In the mid-’90s, The Trailer Park Troubadours looked to be one of the next breakout bands to come out of Nashville. With momentum from a win on Charlie Daniels’ Talent Roundup and backing from Waylon’s drummer Richie Albright, the band had everything on their side except for a sound that couldn’t easily be put into a genre label. They were too comedic to be a country act, too serious to be a novelty act, and too earnest in their embrace of trailer park culture to be hipster ironic. For most bands, that would have been the end as they returned to their day jobs or labored around whatever small clubs they could squeak a living from. For the Trailer Park Troubadours, it became their thing.
Slowly the songs started to be a little bit less Dr. Demento and a little more reflective. Instead of songs about roadkill and croquet champions, their songs started to become proud statements about the benefits of not making it, about having time to spend with family, about being able to shop at Wal-Mart without being stopped by fans, about the everyday things that the rock stars they never became could never have had.
It hasn’t been an easy road the past two decades. The band has gone through more personnel changes than Guns & Roses, with vocalist and primary songwriter Antsy McClain being the only constant member, but the eternal optimism, the ability to take the smallest detail of everyday life and celebrate it as a blessing, and the keen observational lyrics have all remained. So it should come as no surprise that a period of major upheaval in McClain’s personal life led not to a bitter and spiteful album, but to a nuanced look at life, love, and loss.
“Somewhere Past These Gravel Roads” is credited to Antsy McClain and the Troubs, officially removing the Trailer Park that had long started to be phased out of their albums. McClain’s always been at his songwriting best when he put his pen to melancholy love songs and “Somewhere Past These Gravel Roads” has that in spades. Album standout “A Life Like Ours” almost reads like a modern day Troubs mission statement, with its refrain of “a rich man dreams of paradise and sees a life like ours.”
But that isn’t to say everything on “Somewhere Past These Gravel Roads” is all happiness. To have an album full of “A Life Like Ours” would feel forced and one of the most endearing things about McClain and The Troubs is you never get the sense that they’re forcing it. The blues-rocker “No Train” is as close to a bitter missive as you’ll likely get from a McClain song, but even this is delivered with a gentle poke at common sayings that it’s an easy pill to swallow. More in line with McClain’s style is the song that is sure to be the live favorite from the album, “Butt Dial Blues”, which sees a man receiving his long awaited return call from a would-be lover, only to discover that he’s been butt-dialed.

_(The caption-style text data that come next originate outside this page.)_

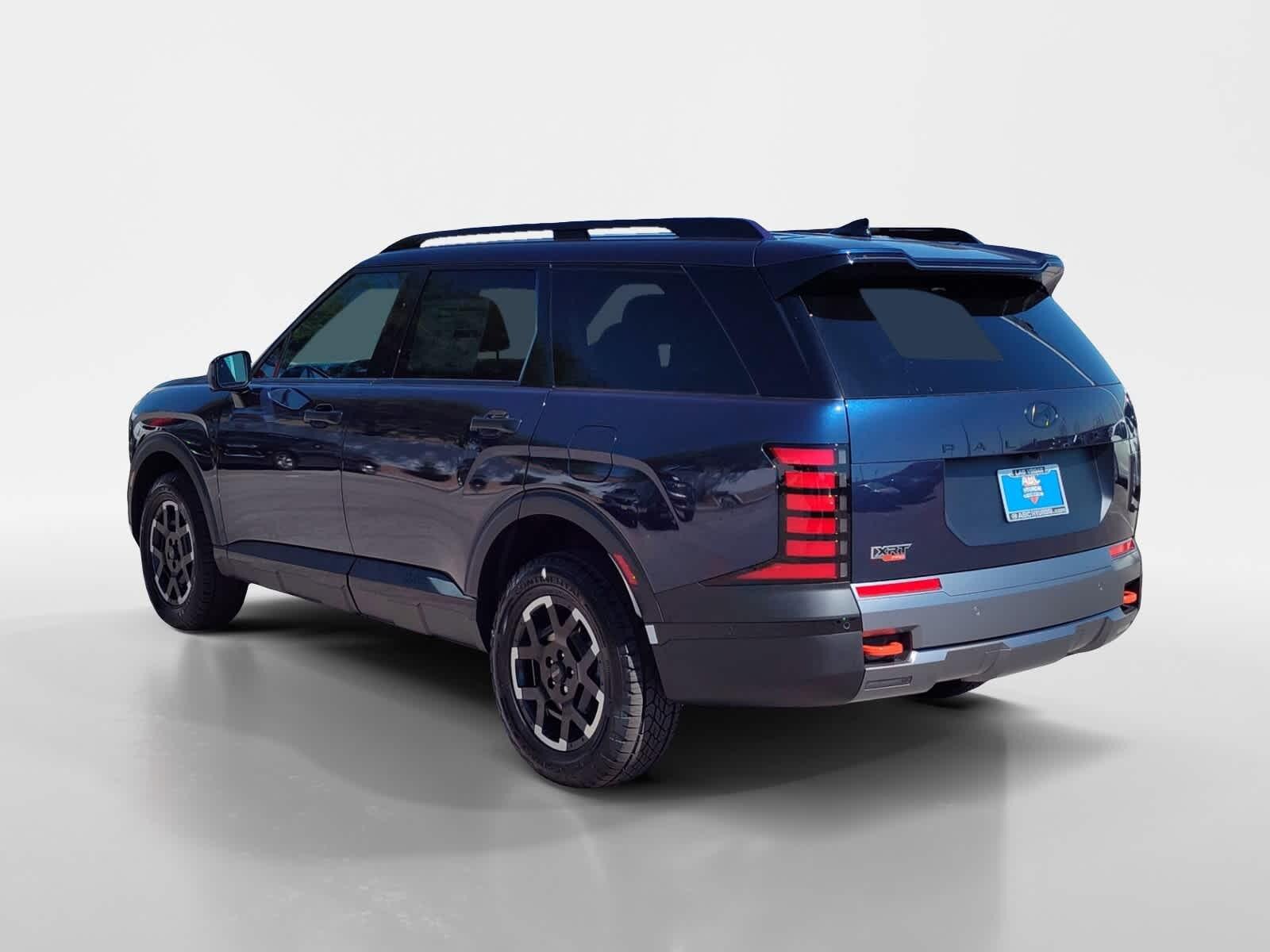 Thumbnail: 2026 Hyundai Palisade - 3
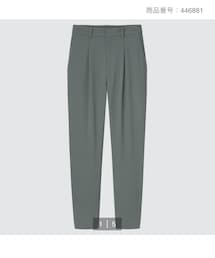UNIQLO | パンツ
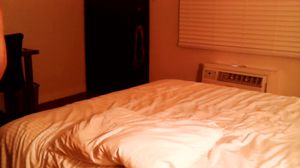 Late Night Smashing With Babe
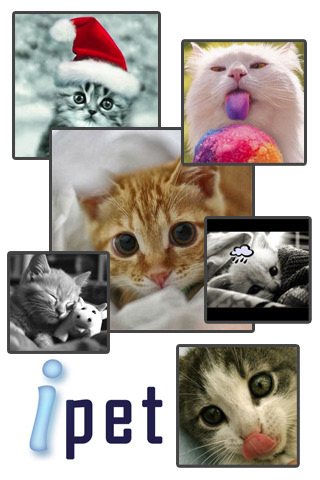 iPet Cats v1.2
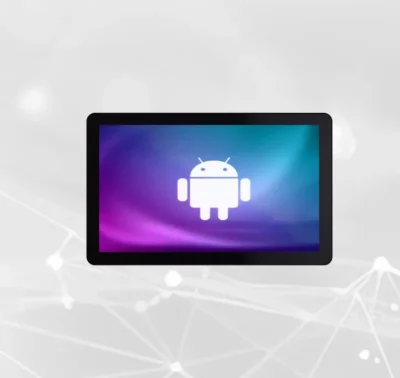 Gemstone 18.5" Android Panel PC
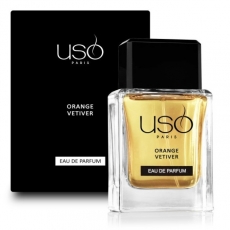 USO Paris  Orange Vetiver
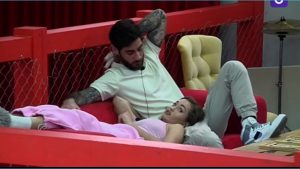 как Тигран и Виктория Салибековы верят в измены других участников Дома 2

Another comic highlight is “Keanu Reeves, Kenny G, and Me.” Here McClain finds that all of his favorite movies and bands dredge up memories of a romance lost, leaving him stuck with nothing but Keanu Reeves films and Kenny G albums.
Album closer “Wheels in Motion” wraps the album up nicely, with a “circle of life” narrative about McClain’s memory of learning to ride a bike from his father, to teaching his own son to drive, to watching his grandchildren and looking forward to teaching them to ride their own bike someday. Here is the essence of McClain’s songwriting, sentimental without being sappy, gut wrenching without turning into a Celine Dion parody.

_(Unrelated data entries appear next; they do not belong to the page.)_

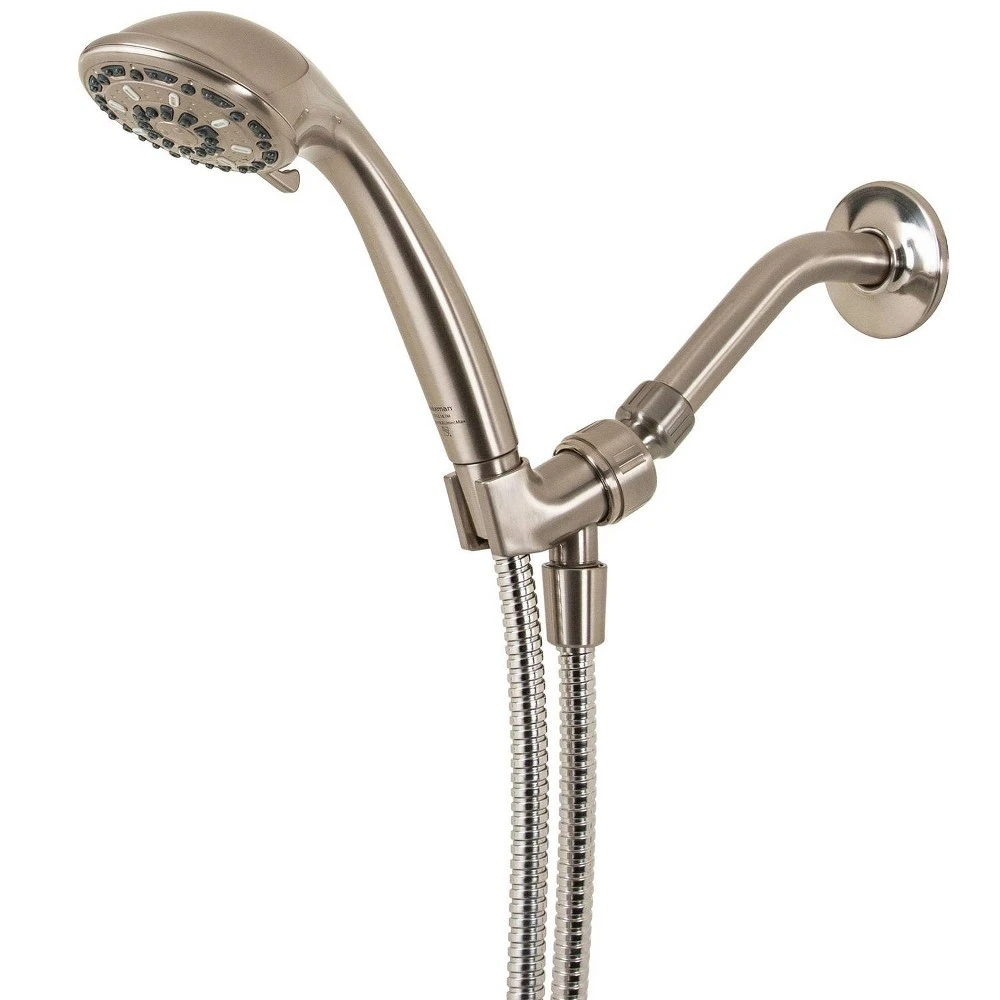 HH Shower Serene 3P BN 8333512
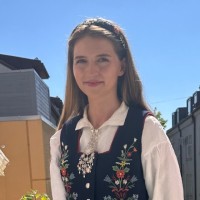 Hanna Arctander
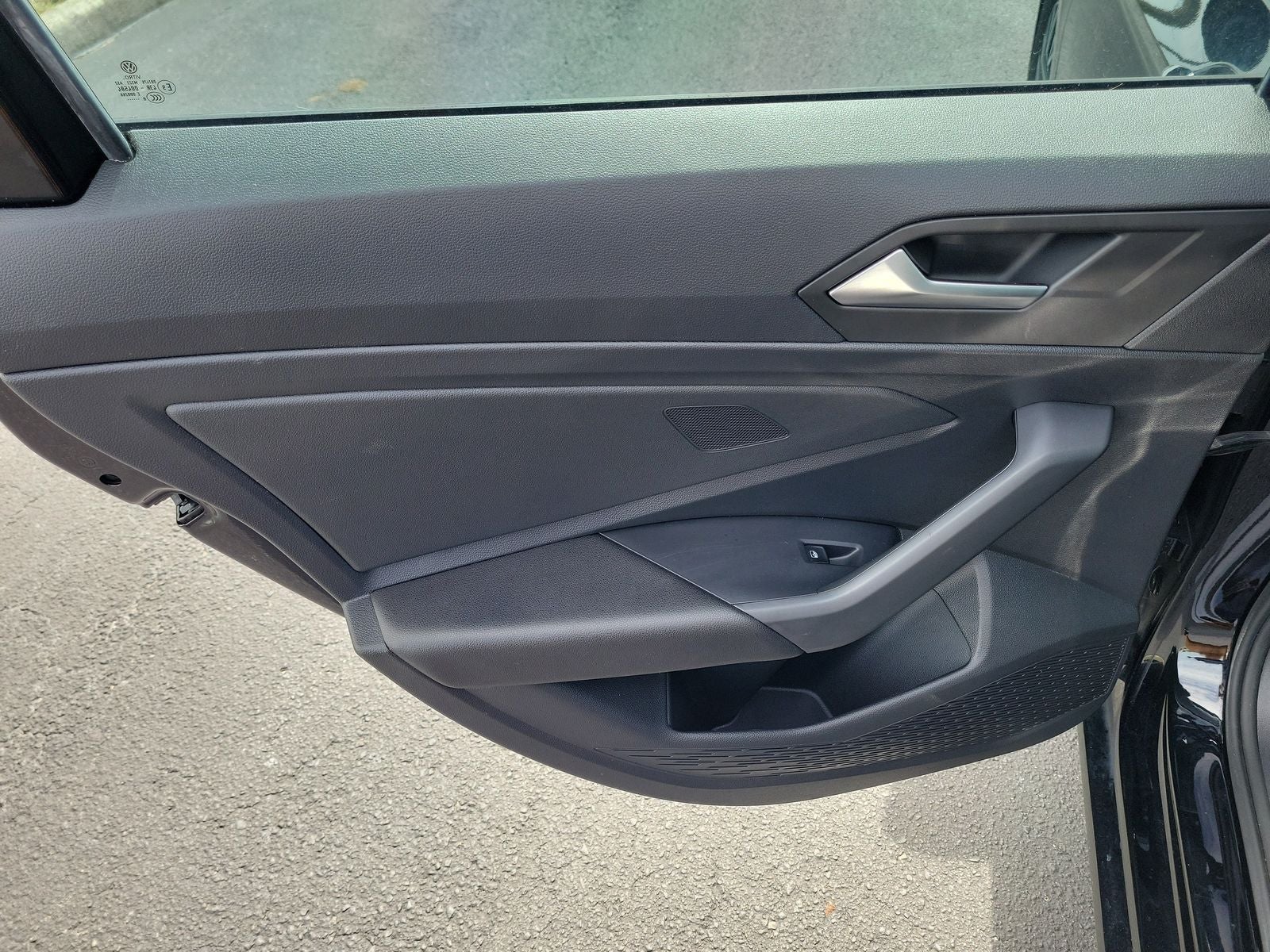 2019 Volkswagen Jetta 1.4T SE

One thing that is different about this album is that The Troubs, for this album made up of McClain’s California-based live band, gets much more room to show off than on past works. From rocking blues guitars to classic country twang to a surprisingly successful folk-rock reimagining of “Crazy Train”, the instrumentals on this album are very much out front.

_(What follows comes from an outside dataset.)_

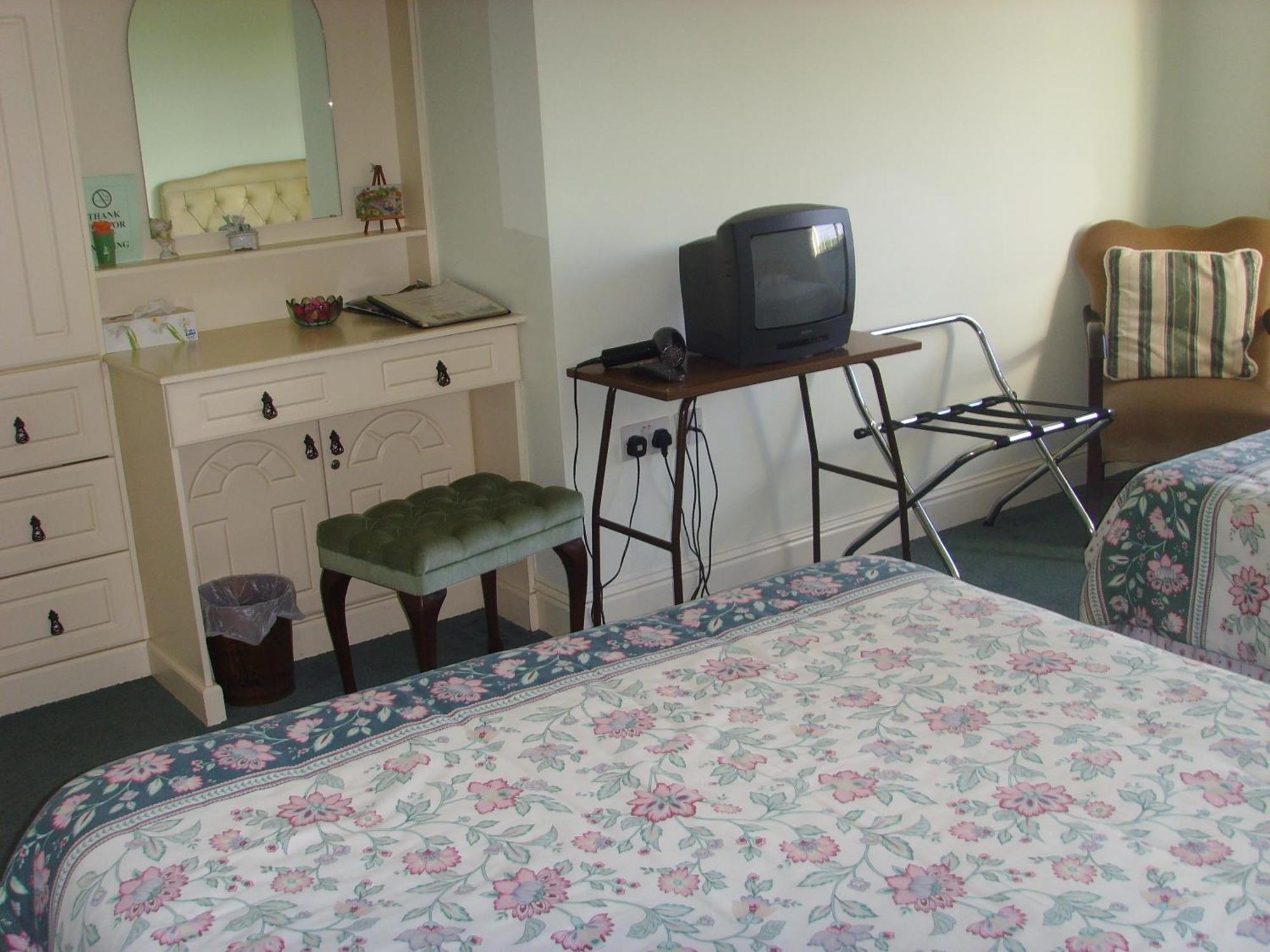 Springfield House B&B Clonakilty Luaran gambar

“Somewhere Past These Gravel Roads” isn’t going to make Antsy McClain the rock star that he probably dreamed of being back in 1995. But listening to the words that make up the album’s fourteen tracks, you get the sense that he wouldn’t have it any other way. What the album will do, though, is prove familiar enough to satisfy his small but passionate long term fanbase while providing a good jumping on point for newcomers who have heard him on KPIG or his recent PBS special.